Technology Access Centres can be an excellent host site for NRC/IRAP ITAs and/or regional economic development agents.

The Technology Access Centre grant will provide up to $350,000 per year (covering core administrative personnel and perhaps one or two technical experts). Other resources required to enable the success of Technology Access Centres includes support for the participation of faculty and staff from the college or university in the centre (faculty release) and funding for infrastructure and equipment where appropriate.

With more than 150 college campuses and fifty universities, at least two hundred centres are likely needed to provide effective access to their capabilities for the 20,000 companies that do R&D in Canada.5 Two hundred Technology Access Centre grants will require approximately $90 million per year (funds for TAC grants, and related project and scholarship support).6

A Collaborative Partnership

Technology Access Centres help their host institutions have a role supporting economic development in their region. The foci for the centres in a province or region can be defined by/with collaborating provincial and federal agencies, and funded on a competitive basis. In addition to NSERC’s support for the centres’ core administration, some centres will need infrastructure (equipment, renovations and perhaps facilities). The involvement of faculty in these centres will be enhanced if teaching relief is provided (particularly for colleges where research is generally not a mandated element of faculty responsibilities). Canada Foundation for Innovation’s regional development agencies can provide equipment support, while provincial agencies can provide teaching relief for faculty.

Governance

Technology Access Centres could be (not-for-profit) corporations owned by a post secondary institution. The board of such a centre would be composed of representatives of the local companies, the host institution and the economic development actors important in the region (REDAs, IRAP and chambers of commerce). The centres provide reports regarding their interactions, outputs and financial activity to their funders each year and are re-evaluated every five years. Alternatively, Technology Access Centres can be specialized departments of colleges with Advisory Boards that represent internal and external stakeholders.

Metrics

The objective of Technology Access Centres is to enhance the ability of companies, particularly SMEs, to solve problems and become more productive and innovative through access to technology, expertise and equipment.

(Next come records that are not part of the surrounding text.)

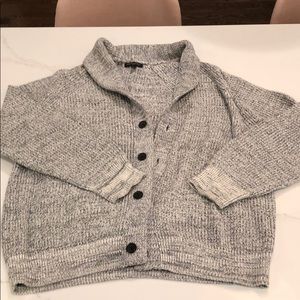 Banana Republic Grey Shawl Cardigan XXL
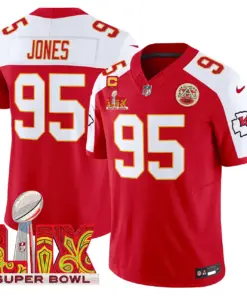 Kansas City Chiefs Nike Super Bowl LIX Patch Vapor Limited Stitched Jersey - White - Image 42
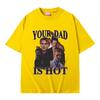 Твой папа горячий Сумерки Чарли и Карлайл Принт Футболка Мужчины Женщины Мода Классические Винтажные Футболки Мужские Повседневные Оверсайз Футболки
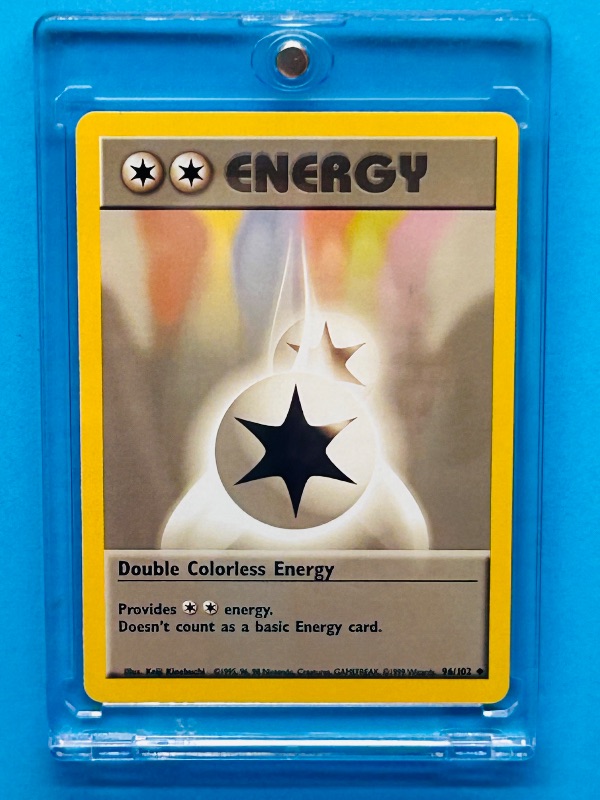 Photo 1 of 812041…Pokémon Energy card in hard plastic case  96/102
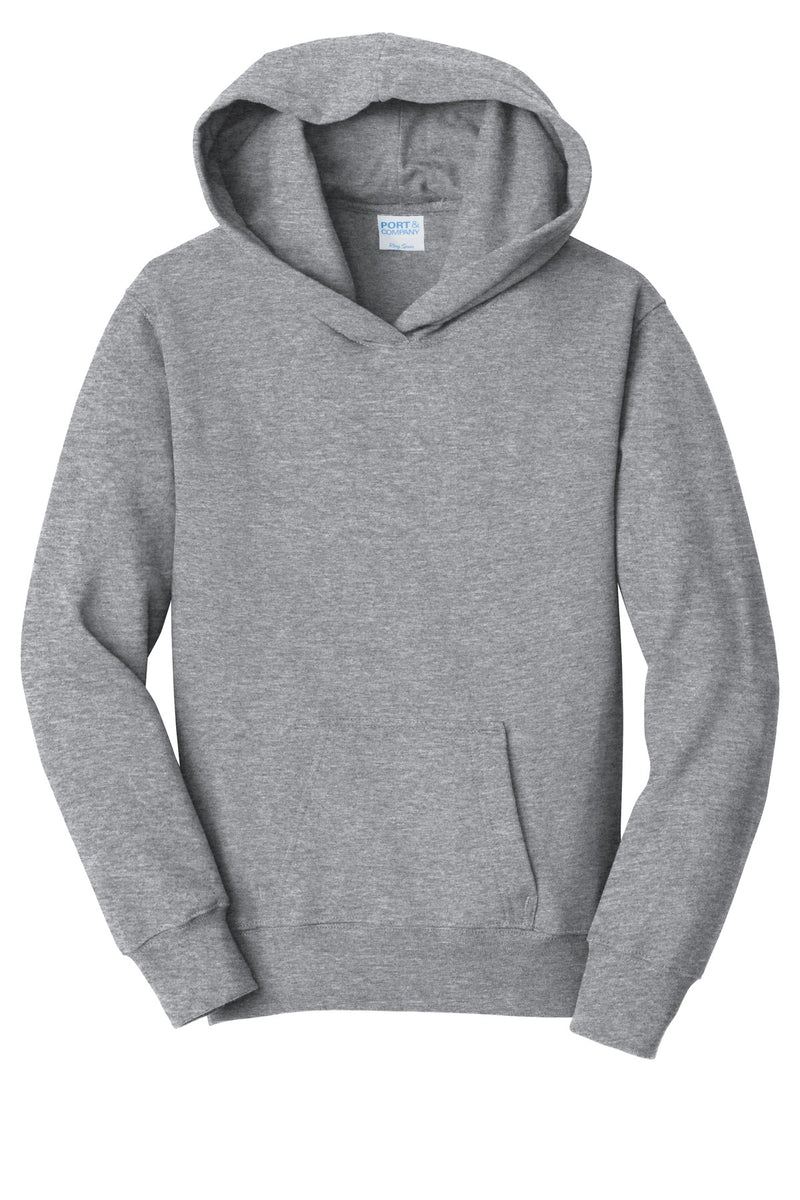 Port & Co Youth Fan Favorite Fleece Pullover Hooded Sweatshirt - Athletic Heather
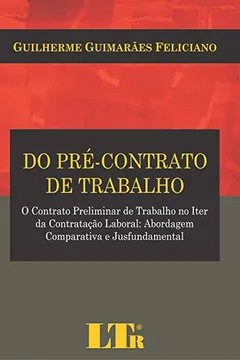 Livro Do Pré-contrato de Trabalho - Resumo, Resenha, PDF, etc.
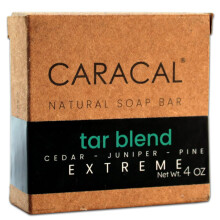CARACAL Tar Blend Extreme Pine Wacholder Cedar Tar Natural Soap Bar UNERWARTETER SCHWERER DUFT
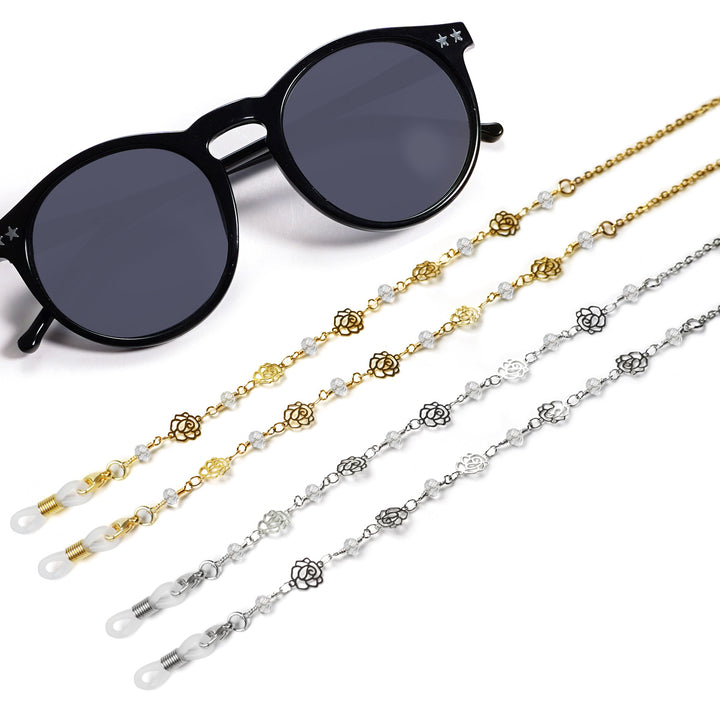 Decorative Floral Eyewear Chain Bowlift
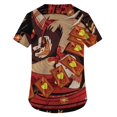 thumbnail image 3 of Hazbin Hotel Más Tamaño Impreso Scrub Uniforme de Trabajo Tops Para las mujeres V-cuello de Navidad Imprimir Manga Corta Diversión Camisetas Ropa de trabajo Camiseta con bolsillos Multicolor/S, 3 of 3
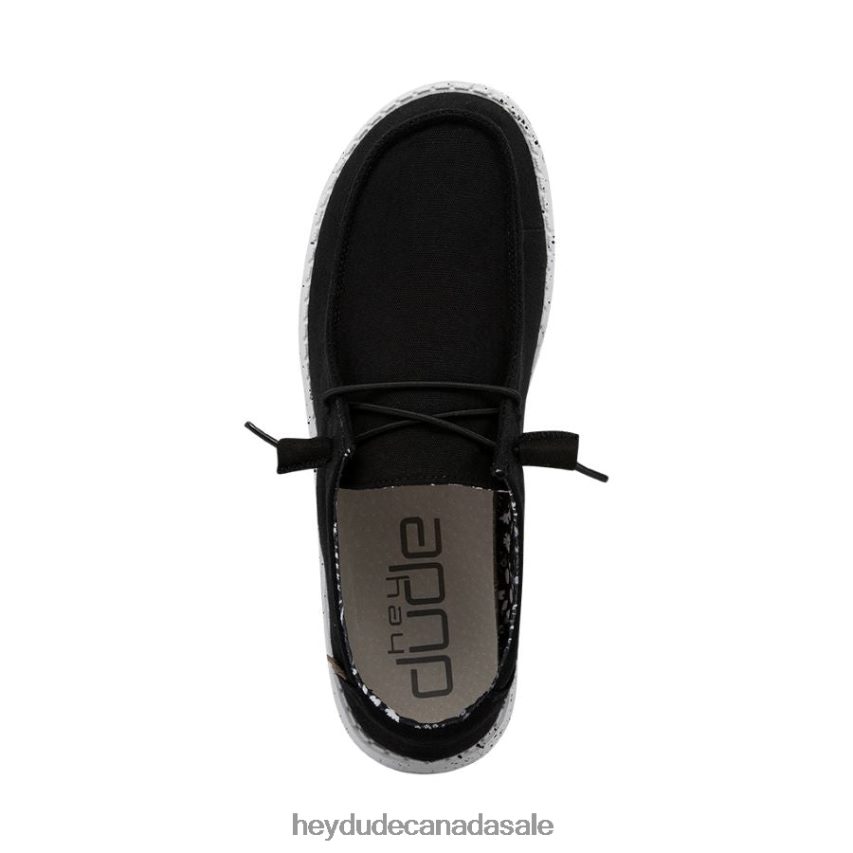 Men Wendy Hey Dude Black Odyssey Shoes 0D6J4L71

In achieving this objective, Technology Access Centres will realize private sector cash in excess of their operating support from public sources. It is anticipated that the average private sector cash amount per centre will be at least three times the core operating support for centres with at least five years experience. Similarly, by the fifth year, the average centre will have a staff of ten full-time equivalents, including faculty and staff on (partial) release from their institutional responsibilities.

Immediate outcomes that signal that Technology Access Centres are realizing this objective include:

  • the number of clients using services of these centres;
  • the number of jobs created by companies as a result of successfully using the centres; and
  • The return rate of clients.

While the performance expectations for Technology Access Centres will vary with factors that include the private sector focus, the number of years a centre has been active and the regional opportunities, the following measures signal the overall level of impact anticipated from these centres:

Measure Target
The number of clients using services 55 per centre per year
The number of jobs created by companies 3 per centre per year
The return rate of clients 40 percent of clients have used a TAC before

It is expected that the performance of a Technology Access Centre will typically take up to five years to realize a significant impact.   

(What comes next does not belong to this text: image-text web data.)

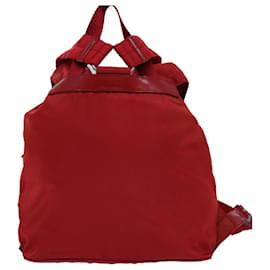 Prada-PRADA Hand Bag Nylon Red Auth 75825-Red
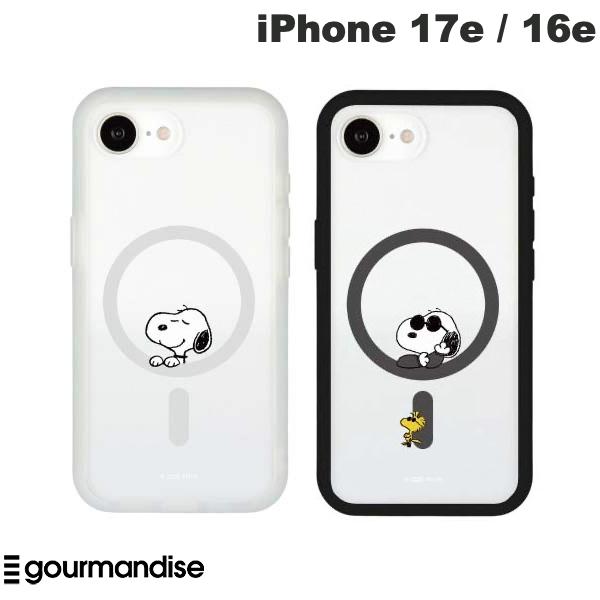iPhone 17e Case Snoopy Cute iPhone 16e Gourmandise iPhone 17e / 16e Peanuts Shockproof Case IIIIfi+ (E-Fit) Plump Frame MagSafe Compatible Case Gourmandise (Smartphone Case/Cover) IIIIfit 2026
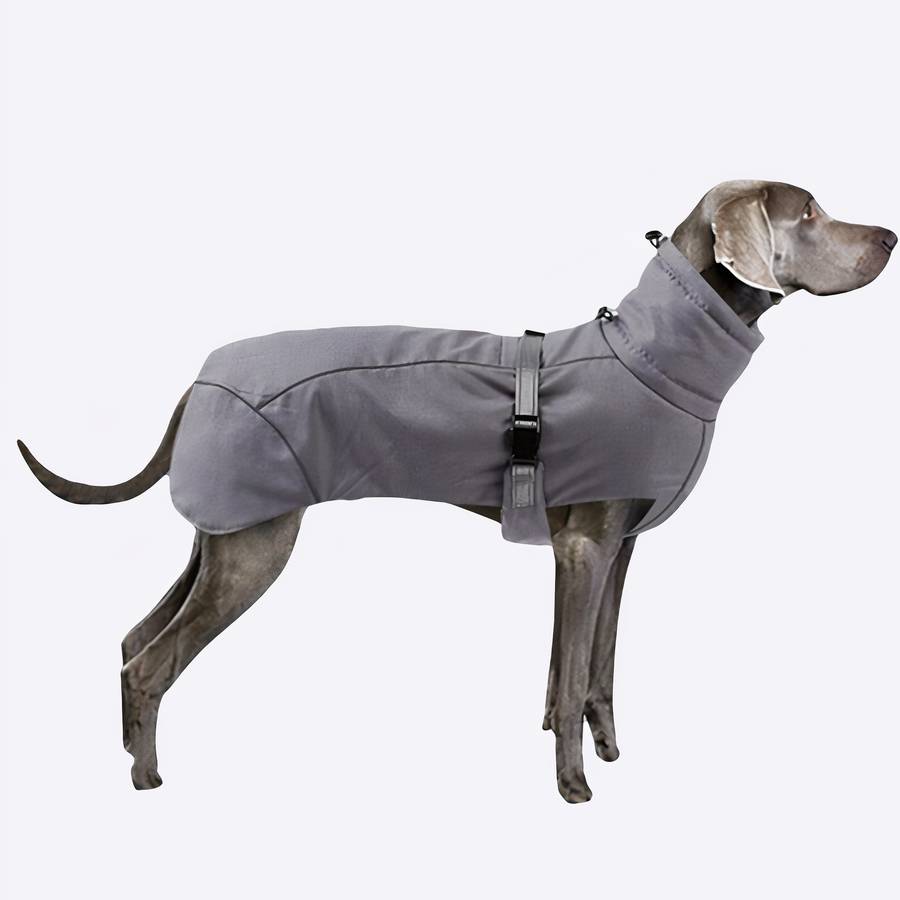 Manteau chaud et épais à col haut pour chiens Manteau chaud et épais à col haut pour chiens Manteau pour chien Vêtement chien couleur: Beige|Gris|Rose|Rouge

The Quebec Experience: College Centres for Technology Transfer

Quebec has established a network of 41 Centres collégiaux de transfert de technologie (CCTT), with plans for a total of 45. The network was built over 25 years. The Quebec CCTT network is a strong performer in Quebec’s system of innovation. A recent evaluation (2008)7 provides compelling evidence of their impact. Twenty-eight of the CCTTs participated in the evaluation and their clients were surveyed. The evaluation reports the following:

  • The CCTTs earn, on average, $3.30 from companies for every $1.00 of Quebec government support. This leverage on the core support varies between centres and is strongly affected by the strength of the sector and region addressed by the CCTT.
  • By the end of their first term, some centres have private sector revenues exceeding 300 percent of the core funding, while others are barely able to match the core funding. The Quebec Government considers the strength of the economic sector addressed by each CCTT, as well as the importance of that CCTT to its region, in deciding whether to renew a CCTT.
  • The median number of partners per CCTT is 55; the average is closer to 96.
  • The 28 CCTTs employ 340 technicians (representing a skilled workforce supporting SMEs).
  • Companies working with CCTTs are significantly more successful with innovation projects than those who are not:
    • process innovations: 79 percent success with CCTTs versus 43 percent without;
    • product innovations: 69 percent success with CCTTs versus 48 percent without;
    • organizational innovations: 85 percent success with CCTTs versus 45 percent without.
  • Companies have created more than 240 positions per year based on projects with CCTTs.
  • Sixty-eight percent of CCTT clients are SMEs (less than 250 people).
  • Clients report high satisfaction with CCTTs on virtually all measures.
  • The average CCTT support is $446,000 per year (operations). This funding is provided by two Quebec departments (Education and MDEIE).
  • CCTTs are also able to get financing from the provincial and federal governments, and CFI for equipment and infrastructure. This amounts to approximately $0.5 million per CCTT per year for 2006.
  • Half of the clients of CCTTs are within a 100 kilometre radius of the CCTT.
  • Sixty-two percent of CCTT clients are manufacturers.
  • On average, 55 students are trained each year by a CCTT, and three professors (full-time equivalents) participate in applied projects.
  • On average, CCTTs have approximately 11 full-time-equivalent technical staff.
  • CCTTs are effective in creating projects that link clients with academic expertise.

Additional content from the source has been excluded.